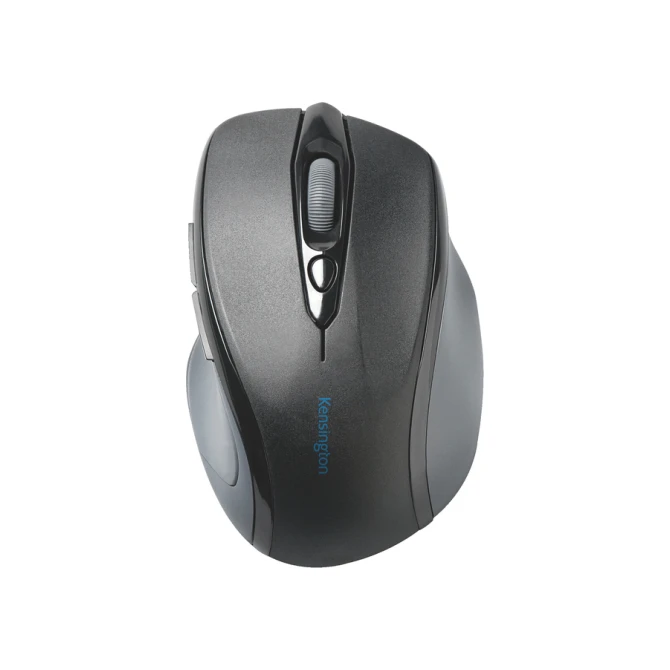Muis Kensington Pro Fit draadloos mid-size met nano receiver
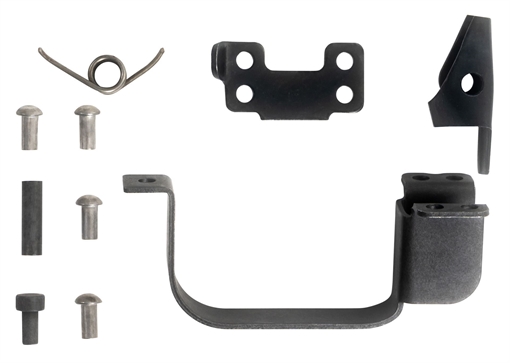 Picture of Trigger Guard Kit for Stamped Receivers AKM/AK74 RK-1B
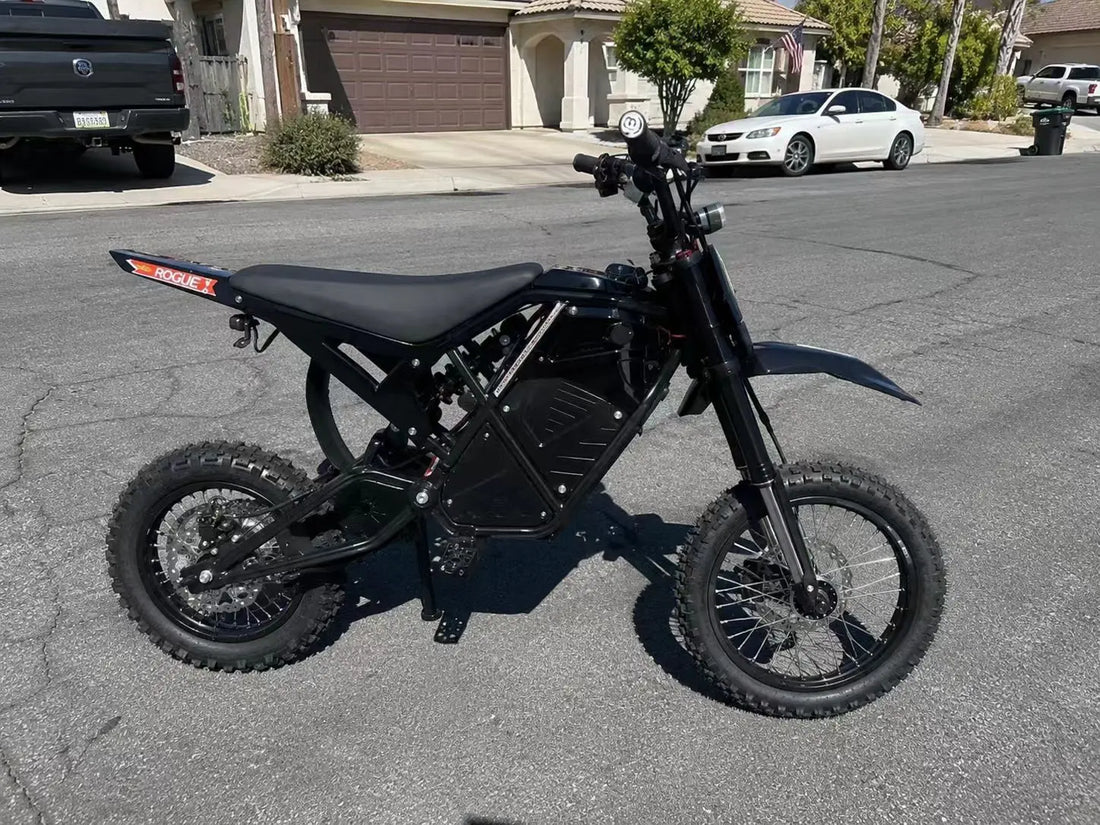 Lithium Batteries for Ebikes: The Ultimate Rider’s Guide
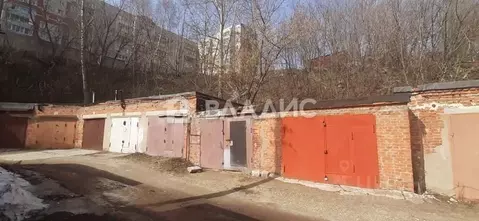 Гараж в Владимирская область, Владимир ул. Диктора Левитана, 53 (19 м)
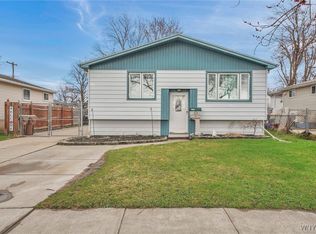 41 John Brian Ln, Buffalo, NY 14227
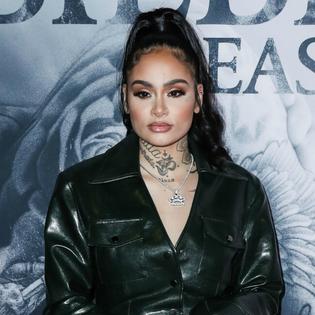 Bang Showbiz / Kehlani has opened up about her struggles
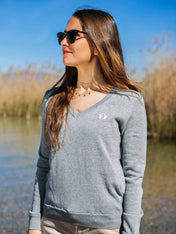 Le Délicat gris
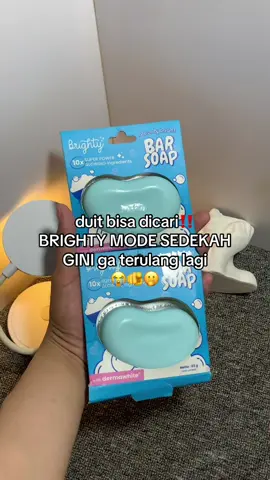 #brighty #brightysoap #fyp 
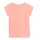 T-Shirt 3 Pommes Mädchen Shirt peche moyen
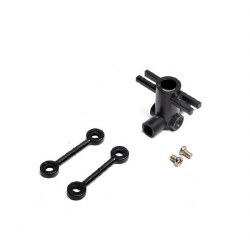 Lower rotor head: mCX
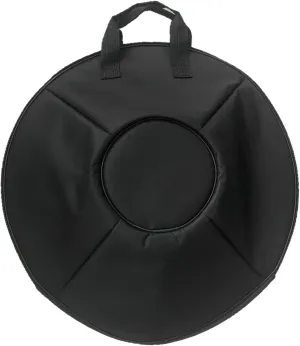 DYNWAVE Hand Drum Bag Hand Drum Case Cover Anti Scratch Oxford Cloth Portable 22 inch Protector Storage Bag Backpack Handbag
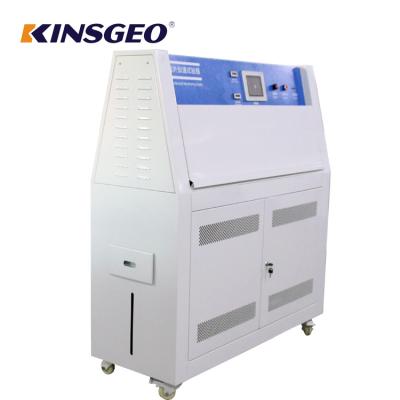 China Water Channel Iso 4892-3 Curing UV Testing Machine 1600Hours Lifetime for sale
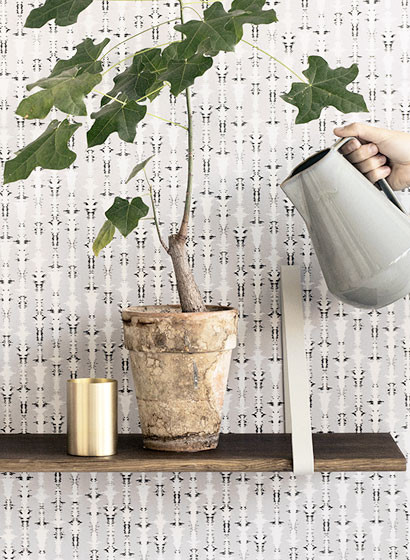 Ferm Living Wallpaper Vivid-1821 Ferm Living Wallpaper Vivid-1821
==
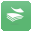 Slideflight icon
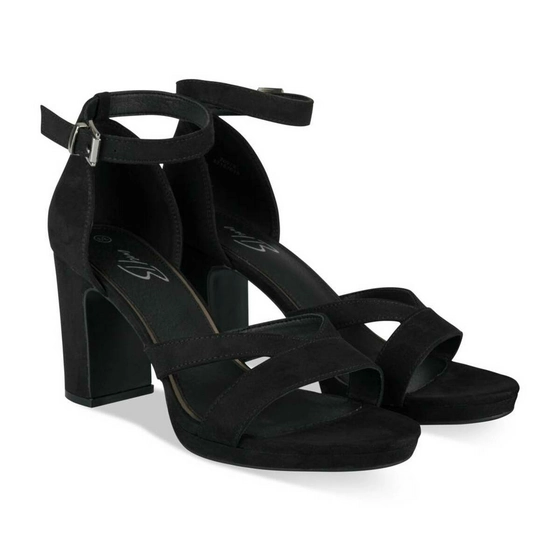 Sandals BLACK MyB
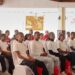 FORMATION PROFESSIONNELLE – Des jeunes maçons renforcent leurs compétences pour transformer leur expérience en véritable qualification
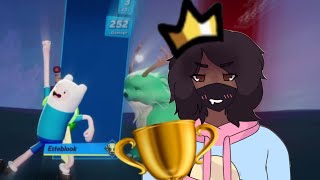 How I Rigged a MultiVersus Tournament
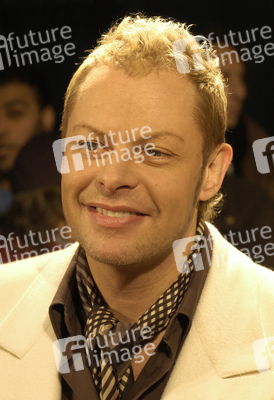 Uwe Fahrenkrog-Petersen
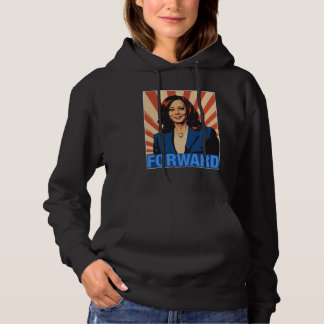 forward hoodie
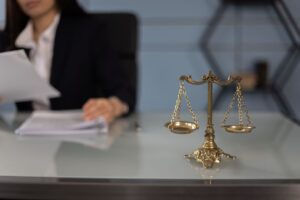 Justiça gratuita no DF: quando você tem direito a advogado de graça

__Problem to work on__: In the listing above, find the line with "Muis Kensington Pro" and the line with "Ferm Living Wallpaper Vivid-1821 Ferm". Set down both and every line between them, minus the pictures.

__Written answer__:
Muis Kensington Pro Fit draadloos mid-size met nano receiver
 Picture of Trigger Guard Kit for Stamped Receivers AKM/AK74 RK-1B
 Lithium Batteries for Ebikes: The Ultimate Rider’s Guide
 Гараж в Владимирская область, Владимир ул. Диктора Левитана, 53 (19 м)
 41 John Brian Ln, Buffalo, NY 14227
 Bang Showbiz / Kehlani has opened up about her struggles
 Le Délicat gris
 #brighty #brightysoap #fyp 
 T-Shirt 3 Pommes Mädchen Shirt peche moyen
 Lower rotor head: mCX
 DYNWAVE Hand Drum Bag Hand Drum Case Cover Anti Scratch Oxford Cloth Portable 22 inch Protector Storage Bag Backpack Handbag
 China Water Channel Iso 4892-3 Curing UV Testing Machine 1600Hours Lifetime for sale
 Ferm Living Wallpaper Vivid-1821 Ferm Living Wallpaper Vivid-1821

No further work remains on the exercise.